Is de toekomst van AI-ontwikkeling open of gesloten? Zowel Intel als Nvidia hebben die vraag inmiddels beantwoord, zij het met tegenovergestelde visies.
Ontwikkelaars maken veelal gebruik van TensorFlow, een AI-platform dat oorspronkelijk door het Google Brain-team is ontwikkeld. Alles van dataverzameling tot training en inferencing is via dit platform te regelen. Voor de beste prestaties is het belangrijk om AI-workloads op GPU’s te draaien, die talloze berekeningen met duizenden cores tegelijk kunnen afronden. Idealiter zou TensorFlow een soort ‘AI-Zwitserland’ moeten zijn, waarbij eindgebruikers de optimale ondersteuning krijgen onafhankelijk van de hardware die ze kiezen.
Nvidia-GPU’s worden echter verreweg het best ondersteund. Zo werkt TensorFlow naadloos samen met CUDA en cuDNN, respectievelijk de API en library om Nvidia-hardware optimaal te laten draaien. Het zijn closed-source oplossingen die afhankelijk zijn van een expliciete integratie. Compatibiliteit met Intel is te realiseren via de open-source Intel Extension for TensorFlow, terwijl AMD-gebruikers via het tevens open-source ROCm pas later ondersteuning ontvangen voor de nieuwste versie.
Het is één voorbeeld van vele: Nvidia geniet nagenoeg altijd de beste ondersteuning voor GPU-acceleratie. Voor AI-workloads, die momenteel verreweg het snelst draaien op GPU’s, geldt hetzelfde. Dat komt grotendeels doordat het al sinds 2006 aan CUDA werkt, een API voor GPU-acceleratie. Het geldt de facto als standaard in de software-industrie voor deze soort workloads en is exclusief aan Nvidia. Omdat jarenlang geen enkele andere vendor zich al te druk maakte om deze tak van sport, is de GPU-machtspositie van Nvidia enorm in de datacenterwereld.
Nvidia AI: een gesloten platform voor iedereen
Nvidia heeft echter grootschaligere plannen dan alleen integraties met anderen. Het bedrijf omschrijft het eigen Nvidia AI Enterprise als het ‘besturingssysteem’ voor zakelijke AI. Er is toegang tot community-modellen, custom-varianten en Nvidia’s zelf ontwikkelde modellen. Voor generatieve AI-doeleinden zijn er chatbots te realiseren, te fine-tunen en veilig te houden via een uitgebreide set aan microservices.
Hoewel organisaties ruim baan krijgen om gepartnerde diensten in te zetten, probeert Nvidia klanten steeds verder naar een holistische oplossing op eigen kracht te duwen.

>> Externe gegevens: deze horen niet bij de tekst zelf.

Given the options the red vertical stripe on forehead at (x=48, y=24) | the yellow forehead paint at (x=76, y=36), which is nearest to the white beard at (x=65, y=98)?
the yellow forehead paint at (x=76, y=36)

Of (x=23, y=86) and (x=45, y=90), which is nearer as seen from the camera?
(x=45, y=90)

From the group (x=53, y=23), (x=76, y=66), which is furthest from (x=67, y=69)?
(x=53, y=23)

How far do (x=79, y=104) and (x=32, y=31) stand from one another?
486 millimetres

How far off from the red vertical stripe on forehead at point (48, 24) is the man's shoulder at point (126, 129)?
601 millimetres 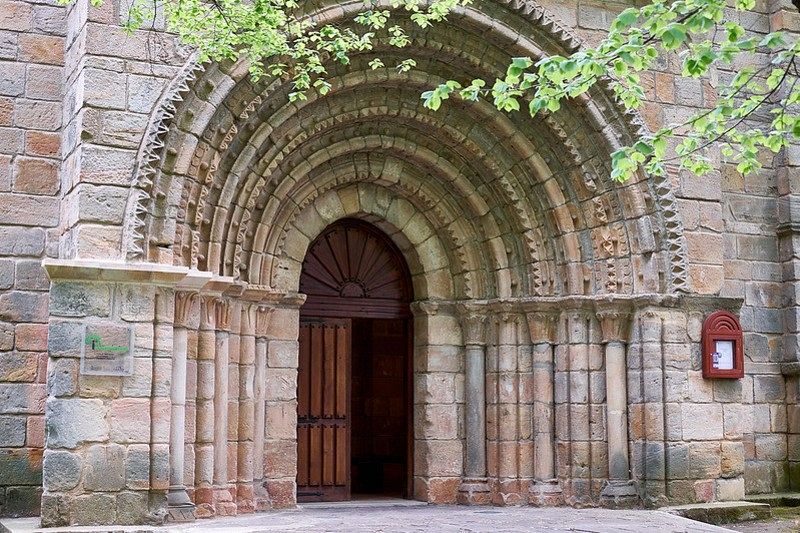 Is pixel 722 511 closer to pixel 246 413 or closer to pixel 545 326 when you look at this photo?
pixel 545 326

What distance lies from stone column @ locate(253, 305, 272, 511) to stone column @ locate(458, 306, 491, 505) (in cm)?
199

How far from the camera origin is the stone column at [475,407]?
943 cm

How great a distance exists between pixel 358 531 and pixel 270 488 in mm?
1539

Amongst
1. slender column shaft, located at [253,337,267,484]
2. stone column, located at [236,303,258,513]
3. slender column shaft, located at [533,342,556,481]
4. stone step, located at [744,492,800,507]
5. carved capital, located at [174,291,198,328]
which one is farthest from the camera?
stone step, located at [744,492,800,507]

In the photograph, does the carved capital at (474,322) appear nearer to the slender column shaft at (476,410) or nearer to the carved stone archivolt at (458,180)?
the slender column shaft at (476,410)

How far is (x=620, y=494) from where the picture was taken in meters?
8.77

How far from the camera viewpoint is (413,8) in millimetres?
7727

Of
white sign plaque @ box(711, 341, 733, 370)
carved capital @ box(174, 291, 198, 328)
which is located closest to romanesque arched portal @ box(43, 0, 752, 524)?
carved capital @ box(174, 291, 198, 328)

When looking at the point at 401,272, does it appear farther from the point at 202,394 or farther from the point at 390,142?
the point at 202,394

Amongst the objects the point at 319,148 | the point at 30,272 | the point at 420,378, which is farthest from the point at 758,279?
the point at 30,272

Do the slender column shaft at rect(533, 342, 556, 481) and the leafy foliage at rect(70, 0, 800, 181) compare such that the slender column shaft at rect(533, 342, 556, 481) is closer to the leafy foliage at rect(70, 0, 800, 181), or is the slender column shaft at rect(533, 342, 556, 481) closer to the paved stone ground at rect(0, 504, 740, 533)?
the paved stone ground at rect(0, 504, 740, 533)

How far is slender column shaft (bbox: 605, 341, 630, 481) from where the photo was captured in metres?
8.88

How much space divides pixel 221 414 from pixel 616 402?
3460mm

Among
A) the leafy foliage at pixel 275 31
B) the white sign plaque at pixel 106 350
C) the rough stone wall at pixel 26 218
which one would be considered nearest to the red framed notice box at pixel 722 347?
the leafy foliage at pixel 275 31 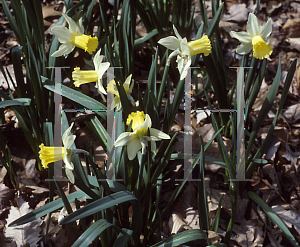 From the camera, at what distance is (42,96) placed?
Answer: 166 cm

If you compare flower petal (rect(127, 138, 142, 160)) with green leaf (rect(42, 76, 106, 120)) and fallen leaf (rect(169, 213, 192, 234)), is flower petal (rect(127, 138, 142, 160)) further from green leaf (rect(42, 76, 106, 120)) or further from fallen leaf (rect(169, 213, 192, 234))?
fallen leaf (rect(169, 213, 192, 234))

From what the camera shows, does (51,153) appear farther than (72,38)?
No

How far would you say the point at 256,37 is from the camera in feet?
4.85

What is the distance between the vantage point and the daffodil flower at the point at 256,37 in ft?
4.71

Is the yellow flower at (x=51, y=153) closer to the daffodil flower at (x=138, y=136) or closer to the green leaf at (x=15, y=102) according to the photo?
the daffodil flower at (x=138, y=136)

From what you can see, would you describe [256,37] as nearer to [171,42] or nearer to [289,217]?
[171,42]

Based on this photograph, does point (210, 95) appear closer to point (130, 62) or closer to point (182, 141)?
point (182, 141)

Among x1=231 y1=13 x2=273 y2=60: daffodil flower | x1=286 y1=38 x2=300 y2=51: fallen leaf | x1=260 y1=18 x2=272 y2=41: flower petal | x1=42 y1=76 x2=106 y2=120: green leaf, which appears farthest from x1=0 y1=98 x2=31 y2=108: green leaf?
x1=286 y1=38 x2=300 y2=51: fallen leaf

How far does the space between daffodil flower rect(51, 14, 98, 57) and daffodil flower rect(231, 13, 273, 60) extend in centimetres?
69

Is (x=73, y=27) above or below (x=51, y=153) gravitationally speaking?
above

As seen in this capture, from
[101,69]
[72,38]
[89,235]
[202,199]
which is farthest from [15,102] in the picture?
[202,199]

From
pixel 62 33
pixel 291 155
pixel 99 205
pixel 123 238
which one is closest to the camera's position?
pixel 99 205

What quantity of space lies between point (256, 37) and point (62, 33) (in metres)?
0.94

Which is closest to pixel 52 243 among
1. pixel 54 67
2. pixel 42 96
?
pixel 42 96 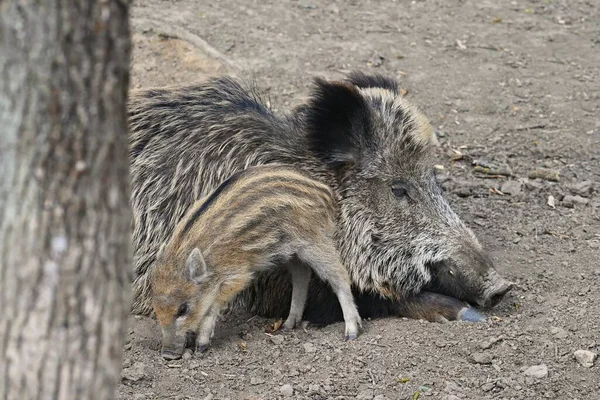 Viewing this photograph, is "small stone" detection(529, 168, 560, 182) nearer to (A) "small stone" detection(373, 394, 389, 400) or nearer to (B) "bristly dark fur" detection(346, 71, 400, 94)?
(B) "bristly dark fur" detection(346, 71, 400, 94)

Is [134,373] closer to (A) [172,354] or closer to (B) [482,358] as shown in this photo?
(A) [172,354]

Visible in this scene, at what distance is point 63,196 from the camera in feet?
6.83

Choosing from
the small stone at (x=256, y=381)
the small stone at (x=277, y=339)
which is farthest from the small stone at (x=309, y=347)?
the small stone at (x=256, y=381)

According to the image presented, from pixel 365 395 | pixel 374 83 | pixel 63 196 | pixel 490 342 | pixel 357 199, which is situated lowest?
pixel 365 395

Daarmee zou het steeds aantrekkelijker moeten klinken om een geheel serverpark om te bouwen naar ‘AI-fabrieken‘, zoals Nvidia-CEO Jensen Huang het ambieert. Momenteel kunnen alleen de allergrootste techbedrijven een dergelijke investering overwegen, waardoor klanten via een clouddienst aan de slag kunnen.

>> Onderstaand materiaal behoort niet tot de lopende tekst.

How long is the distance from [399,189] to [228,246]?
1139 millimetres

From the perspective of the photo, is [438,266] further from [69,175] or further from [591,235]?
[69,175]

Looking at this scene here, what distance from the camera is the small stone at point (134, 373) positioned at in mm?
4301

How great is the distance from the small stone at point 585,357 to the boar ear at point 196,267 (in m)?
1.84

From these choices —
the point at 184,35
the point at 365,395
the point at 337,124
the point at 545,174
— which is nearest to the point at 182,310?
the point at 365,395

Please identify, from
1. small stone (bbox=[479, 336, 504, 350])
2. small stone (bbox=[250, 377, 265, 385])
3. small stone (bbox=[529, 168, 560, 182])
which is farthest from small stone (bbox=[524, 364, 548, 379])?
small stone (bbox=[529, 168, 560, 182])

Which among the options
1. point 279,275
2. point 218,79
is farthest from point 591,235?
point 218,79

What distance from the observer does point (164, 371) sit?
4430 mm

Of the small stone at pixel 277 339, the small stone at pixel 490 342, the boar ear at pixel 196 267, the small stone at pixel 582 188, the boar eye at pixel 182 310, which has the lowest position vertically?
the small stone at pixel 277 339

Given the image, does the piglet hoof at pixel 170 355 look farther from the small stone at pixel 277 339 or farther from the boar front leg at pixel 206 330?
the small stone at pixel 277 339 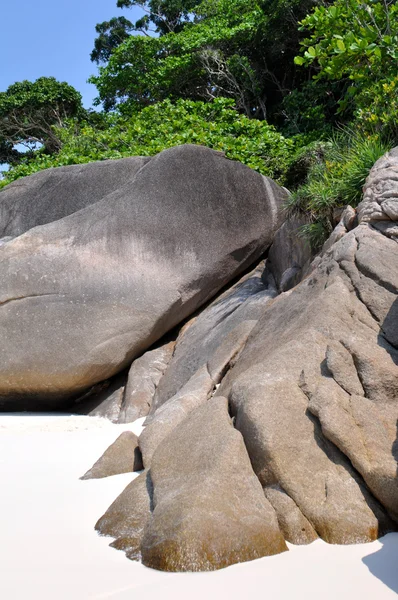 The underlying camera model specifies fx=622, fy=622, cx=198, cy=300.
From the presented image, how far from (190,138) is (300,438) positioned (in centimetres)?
984

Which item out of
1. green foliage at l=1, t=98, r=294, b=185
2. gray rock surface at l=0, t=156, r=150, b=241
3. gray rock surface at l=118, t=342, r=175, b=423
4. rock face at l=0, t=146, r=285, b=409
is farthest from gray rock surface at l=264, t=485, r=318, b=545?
green foliage at l=1, t=98, r=294, b=185

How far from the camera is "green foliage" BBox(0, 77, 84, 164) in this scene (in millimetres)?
21250

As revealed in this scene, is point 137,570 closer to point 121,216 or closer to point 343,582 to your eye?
point 343,582

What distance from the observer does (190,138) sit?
12.5 meters

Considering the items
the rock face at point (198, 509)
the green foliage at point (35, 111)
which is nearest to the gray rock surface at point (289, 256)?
the rock face at point (198, 509)

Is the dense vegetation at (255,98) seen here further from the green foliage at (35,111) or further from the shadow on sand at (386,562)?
the shadow on sand at (386,562)

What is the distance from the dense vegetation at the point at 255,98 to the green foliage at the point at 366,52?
0.02 meters

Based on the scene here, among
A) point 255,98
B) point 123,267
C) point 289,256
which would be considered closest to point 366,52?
point 289,256

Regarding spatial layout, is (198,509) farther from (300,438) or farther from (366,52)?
(366,52)

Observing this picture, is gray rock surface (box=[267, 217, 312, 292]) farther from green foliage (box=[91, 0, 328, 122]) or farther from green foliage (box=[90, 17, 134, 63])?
green foliage (box=[90, 17, 134, 63])

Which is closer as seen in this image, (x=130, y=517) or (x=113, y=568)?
(x=113, y=568)

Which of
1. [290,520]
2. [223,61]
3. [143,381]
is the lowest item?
[143,381]

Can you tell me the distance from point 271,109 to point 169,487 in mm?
15252

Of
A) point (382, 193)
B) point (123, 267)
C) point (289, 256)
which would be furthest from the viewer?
point (123, 267) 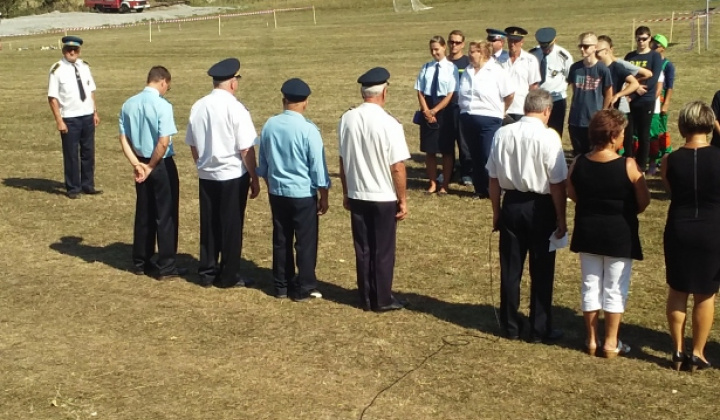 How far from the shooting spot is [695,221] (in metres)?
6.45

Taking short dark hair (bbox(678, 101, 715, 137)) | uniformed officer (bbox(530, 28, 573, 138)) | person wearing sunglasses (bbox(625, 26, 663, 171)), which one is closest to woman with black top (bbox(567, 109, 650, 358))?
short dark hair (bbox(678, 101, 715, 137))

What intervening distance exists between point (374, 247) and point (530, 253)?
4.55ft

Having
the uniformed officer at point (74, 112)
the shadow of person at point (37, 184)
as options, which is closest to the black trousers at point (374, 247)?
the uniformed officer at point (74, 112)

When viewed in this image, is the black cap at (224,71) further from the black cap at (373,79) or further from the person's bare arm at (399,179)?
the person's bare arm at (399,179)

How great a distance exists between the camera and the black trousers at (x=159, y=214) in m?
9.02

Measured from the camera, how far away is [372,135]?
7.69m

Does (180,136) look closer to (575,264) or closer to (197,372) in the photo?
(575,264)

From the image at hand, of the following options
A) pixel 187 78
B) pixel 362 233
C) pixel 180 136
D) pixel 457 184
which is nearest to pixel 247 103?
pixel 180 136

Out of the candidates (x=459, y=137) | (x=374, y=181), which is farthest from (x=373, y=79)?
(x=459, y=137)

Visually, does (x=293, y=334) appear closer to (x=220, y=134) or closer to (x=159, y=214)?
(x=220, y=134)

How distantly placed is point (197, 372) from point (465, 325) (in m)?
2.23

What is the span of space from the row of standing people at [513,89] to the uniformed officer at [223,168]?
375 cm

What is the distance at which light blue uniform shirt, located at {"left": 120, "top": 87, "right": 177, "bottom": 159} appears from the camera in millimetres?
8750

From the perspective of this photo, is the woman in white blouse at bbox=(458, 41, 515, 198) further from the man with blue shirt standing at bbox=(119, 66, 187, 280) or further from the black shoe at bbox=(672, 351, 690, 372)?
the black shoe at bbox=(672, 351, 690, 372)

AI-ontwikkelaars kunnen gratis proeven aan Nvidia AI Enterprise, maar volgens AWS is de gemiddelde prijs voor vaste klanten iets meer dan 100 dollar per uur per instance. Daarvoor krijgen organisaties toegang tot een breed pakket aan diensten. Zo zijn foundation models via Nvidia NeMo te trainen voor specifieke doeleinden, is er voortdurende monitoring van security en zijn er voor allerlei AI-toepassingen gerichte frameworks en tools.
Het voordeel voor klanten: ze hoeven maar bij één partij aan te kloppen om al hun zaken te regelen. Daarmee volgt een bedrijf de visie die Nvidia nastreeft (of ‘het perspectief‘, zoals CEO Huang het zou noemen). Uiteindelijk moet er binnen het AI-platform van Nvidia zelfs ruimte zijn voor gebruikers om in doodgewoon Engels te programmeren. Het nadeel: lock-in, gegarandeerd hoge prijzen en waarschijnlijk lange wachttijden voor de nieuwste hardware.

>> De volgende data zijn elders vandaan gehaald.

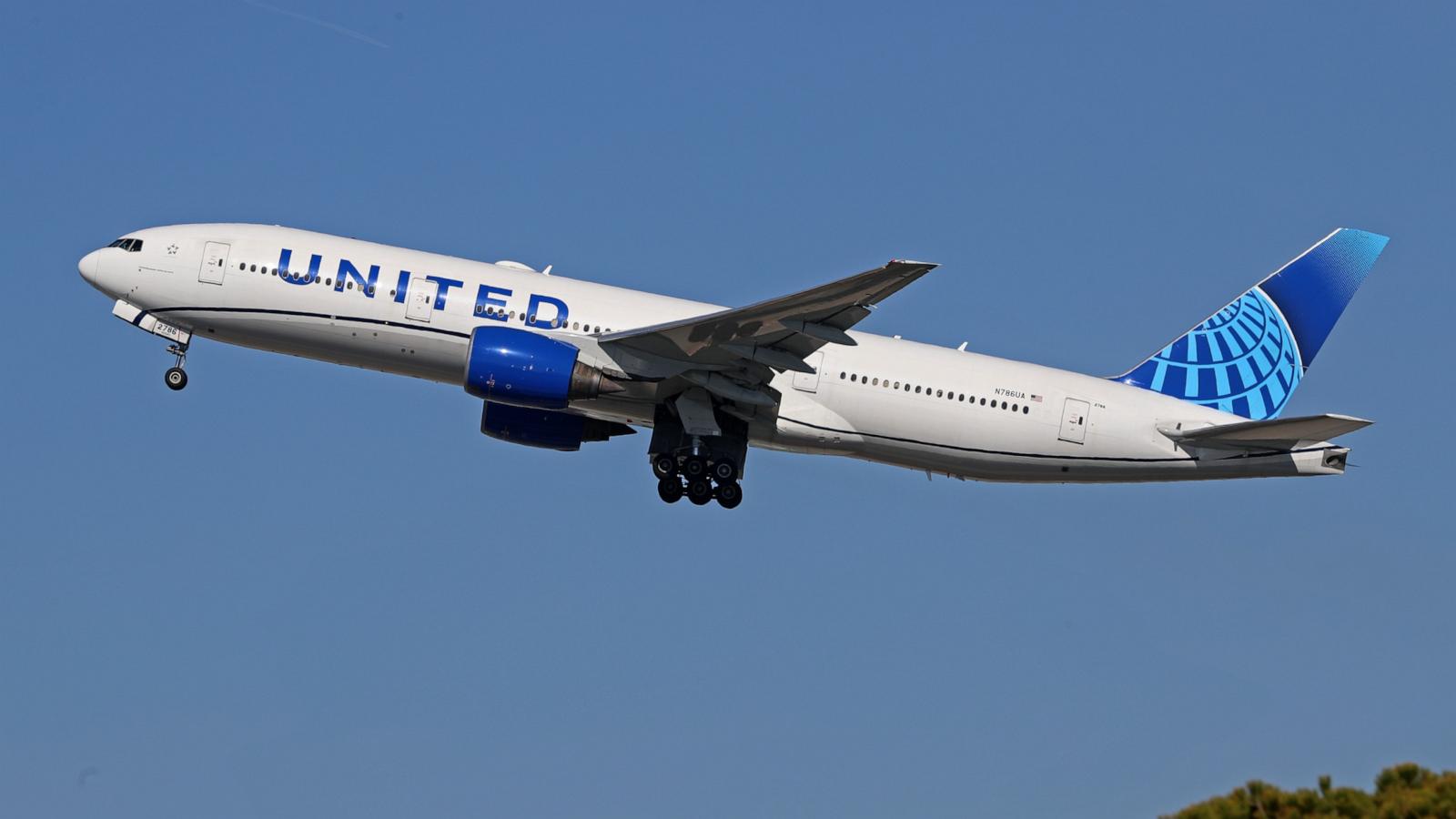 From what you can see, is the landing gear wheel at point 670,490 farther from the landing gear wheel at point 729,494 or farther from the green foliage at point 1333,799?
the green foliage at point 1333,799

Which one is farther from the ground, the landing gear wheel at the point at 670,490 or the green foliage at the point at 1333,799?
the landing gear wheel at the point at 670,490

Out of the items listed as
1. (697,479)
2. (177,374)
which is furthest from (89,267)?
(697,479)

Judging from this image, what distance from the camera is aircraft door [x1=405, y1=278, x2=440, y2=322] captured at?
3894 centimetres

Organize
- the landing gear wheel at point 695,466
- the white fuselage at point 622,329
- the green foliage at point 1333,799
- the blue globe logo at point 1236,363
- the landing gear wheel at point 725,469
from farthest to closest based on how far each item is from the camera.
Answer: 1. the blue globe logo at point 1236,363
2. the landing gear wheel at point 725,469
3. the landing gear wheel at point 695,466
4. the white fuselage at point 622,329
5. the green foliage at point 1333,799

Het tegenwicht van Intel en co
Toen de nieuwe Gaudi 3-chip gepresenteerd werd tijdens Intel Vision deze week, sprak het bedrijf over het ‘meest vooraanstaande AI-alternatief’. Men is zich volkomen bewust van de outsiderrol die elke partij ten opzichte van Nvidia heeft. Toch denkt Intel een troef te hebben gevonden, zeker voor op de lange termijn. CEO Pat Gelsinger benadrukte in een conference call na zijn Vision-keynote dat AI op open basis moet worden ontwikkeld. Hij gelooft dat klanten dat ook zoeken. Het gebruik van bestaande standaarden, gratis API’s en open-source toolkits biedt de ruimte om te kiezen voor andere partijen om AI te accelereren.
Centraal bij deze implementatie is de oneAPI-toolkit, mede ontwikkeld door Intel in 2019 maar niet exclusief voor dat bedrijf. Het is expliciet bedacht als CUDA-alternatief. In een interview met VentureBeat verduidelijkte Sachin Katti, SVP Network & Edge Group bij Intel, wat het voordeel is van deze aanpak. “In tegenstelling tot CUDA zitten oneAPI en oneDNN van Intel (…) in UXL van de Linux Foundation. Het is volledig open-source. Meerdere bedrijven dragen eraan bij. Er zijn geen restricties op het gebruik ervan. Het is niet gebonden aan specifieke hardware. Het kan gebruikt worden met veel verschillende stukjes hardware. Er zijn meerdere ecosysteemspelers die eraan bijdragen.”
Kortom, oneAPI biedt de vrijheid die Nvidia weigert te verschaffen voor CUDA. Sterker nog, oneAPI ondersteunt ook Nvidia-chips. Daarbovenop kan het gebruikmaken van de AI-functionaliteit van CPU’s, die weliswaar veel trager zijn dan GPU’s maar voor AI-workloads zonder hoge snelheidseisen best geschikt blijken.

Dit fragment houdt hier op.